TAKUMINOグループ成長の軌跡と、М&A成功のポイント:TAKUMINOホールディングス株式会社
当研究会では、M&Aのモデルを確立している企業から独自のM&Aノウハウと業種の特徴を取り入れた事例を学ぶ場を提供する。M&Aを活用した成長戦略を実現し、自社の企業価値を向上させるための道しるべを提示。第1回のテーマは「M&A戦略構築の手法を学ぶ」。ゲスト2社(学研ホールディングス、TAKUMINOホールディングス)による「M&A戦略」についての講演を配信し、M&Aを積極的に推進する企業の戦略構築について深く考察した。
開催日時:2023年2月22日(東京開催)
代表取締役社長グループCEO 小野 晃良 氏
はじめに
「建設業界の構造改革を目指す」をミッションとして掲げるTAKUMINOグループ。中核企業である小野工業所の歴史は、創業者である小野石蔵が福島県に請負人の登録をした1889年までさかのぼる。2011年の東日本大震災で職人の確保に難航した経験から、自前の供給力を持つ事を念頭にМ&Aを開始。2015年に行った4社を皮切りに、数々の建設関連企業と資本提携を実現。「持続可能な社会基盤をつくる」というグループ理念のもと、人口減少という先進国がかつて経験したことのない社会状況の中で、先人が築いてきた社会資本を安定化し、維持・更新。人々の経済活動や文化活動を支え、日本の発展を支えている。同社の成長の軌跡と経験に基づいた独自のノウハウからМ&A戦略を紐解く。
まなびのポイント 1:М&Aの戦略ストーリー
建設業界は、技術者や技能労働者の高齢化、若年者不足、後継者不足が深刻である。加えて、業界全体の重層構造により取引コストはかさむ。供給サイドが抱えるこのような課題の解決を図るために同社はМ&Aに取り組んでいる。後継者不足に直面する建設関連企業と資本提携を行うことで事業を承継し、資本・経営の担い手として後継者不足問題を解決。重層構造の改善にはМ&Aを活用し、取引コストを削減することで生産性向上に取り組む。基本戦略は、PMIによる経営水準引き上げや、垂直統合による重層構造の排除・取引コストの削減、グループ内での顧客のクロスセルなどである。「M&Aの実施」→「PMIによる利益改善」→「労働環境改善・長期的な供給力確保」→「技術開発」→「さらなる利益改善」とサイクルを回すことで業界課題に切り込む。

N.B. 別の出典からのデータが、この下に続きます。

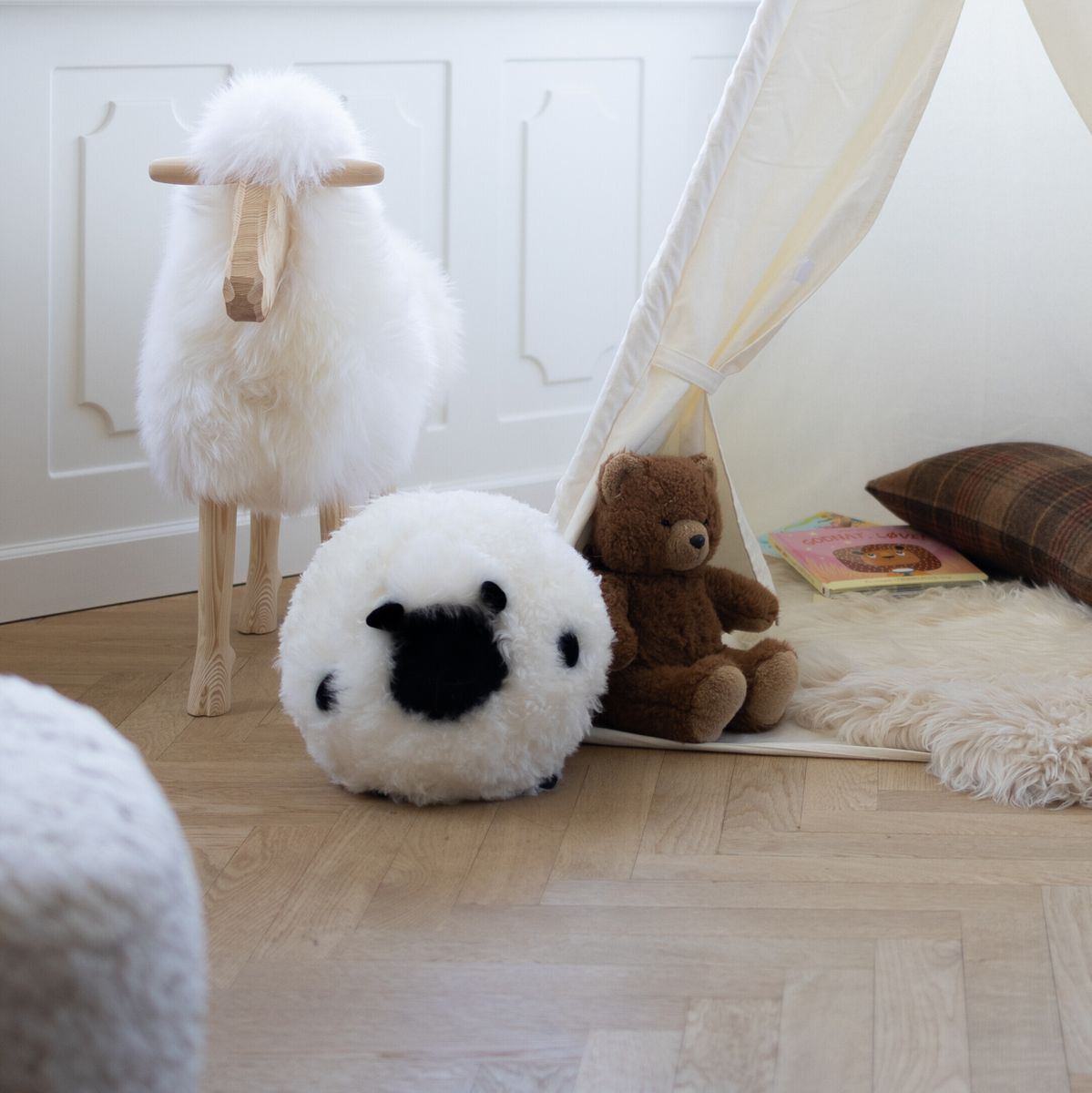 Cute Sheep | Kurzhaar | Neuseeland | D26 cm Beige/Weiß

TAKUMINOグループは、北海道から熊本に至るまでの地域で拠点を展開している。グループ全体で次の100年に向け共に成長することを目指す。
まなびのポイント 2:「TAKUMINOマトリックス」の設定
М&Aを活用し、新規事業や周辺領域へ事業を拡大してきた同社。事業領域・HR領域・財務内容・シナジー創出におけるポイントを抑え、年間で80社程度のネームクリア(買い手が買収する候補先を検討し始めた段階で、秘密保持契約を締結し、売却側がM&Aに必要な情報を開示する行為)を実施する。外部環境の変化に適応する目的で、ビジネスモデルを短期間で変革させるための“手段”としてМ&Aを実践してきた同社は、市場・顧客と製品・サービス・技術の2軸から「TAKUMINOマトリクス」を設定し、戦略を構築する。垂直統合型М&A、水平統合型М&A、周辺領域獲得型М&A、多角化型М&Aなど、各々の期待効果を見極め、どの領域を獲得するのかを的確に捉える。

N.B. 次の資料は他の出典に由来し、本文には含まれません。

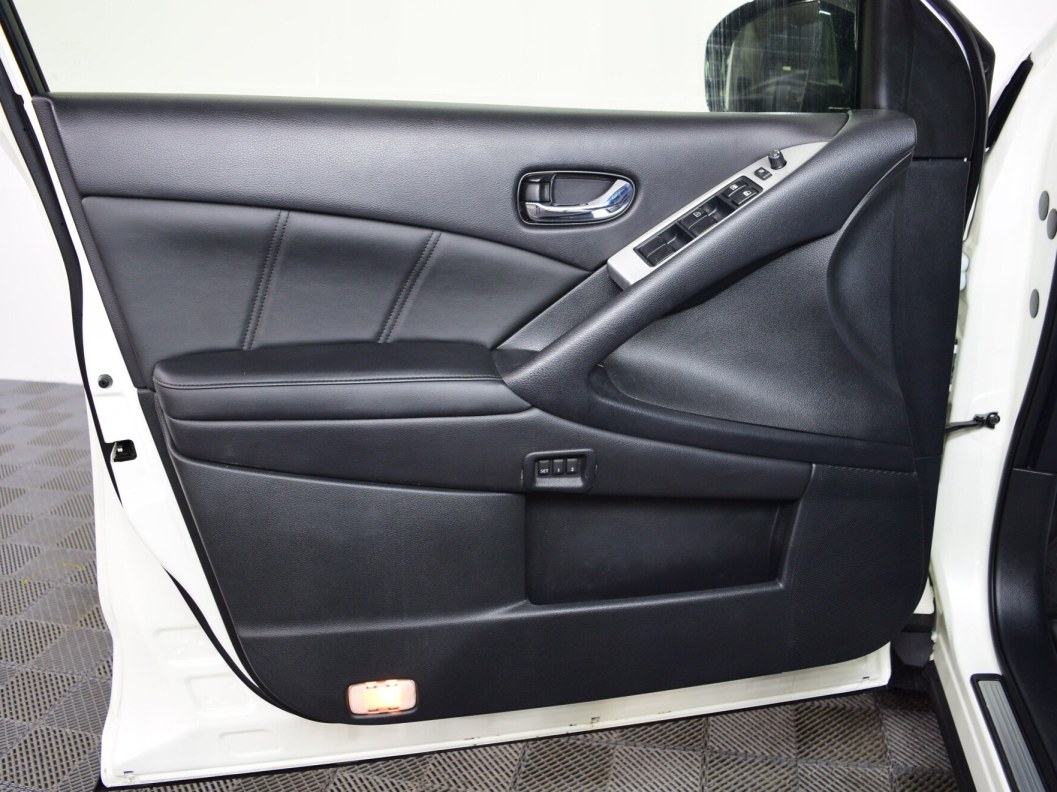 Nissan Murano LE 3.5 CVT фото 14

TAKUMINO床版工法が国土交通省NETIS(新技術情報提供システム)に新規登録された。グループシナジーの成果である。
まなびのポイント 3:PMIプロセスと人材確保
TAKUMINOグループの強みは会社の経営基盤を「標準化」し、ノウハウを蓄積していることだ。デューデリジェンス時から「TAKUMINO標準」という在るべき姿を明確に示し、対象会社とTAKUMINO標準とのギャップを把握。課題をあぶり出し、重点的に解決を目指す。
ゴールが明確であるから、М&A対象会社の課題を早期に解決でき、PMI(買収に伴う事業・組織・機能の統合)の速度と精度を向上させることができる。PMIでは、ホールディングスメンバーを集中投入し、対応策の実行支援をする。また、深刻な人手不足の建設業界にある中で、同社は採用・育成に力を入れており、キャリア採用や外国人採用の豊富なチャネルの確保や500講座超のデジタル社内大学校「TAKUMINOアカデミー」の運営、将来の賃金不安を解消するために、グループ統一での401Kの導入など、積極的に人の投資も推進している。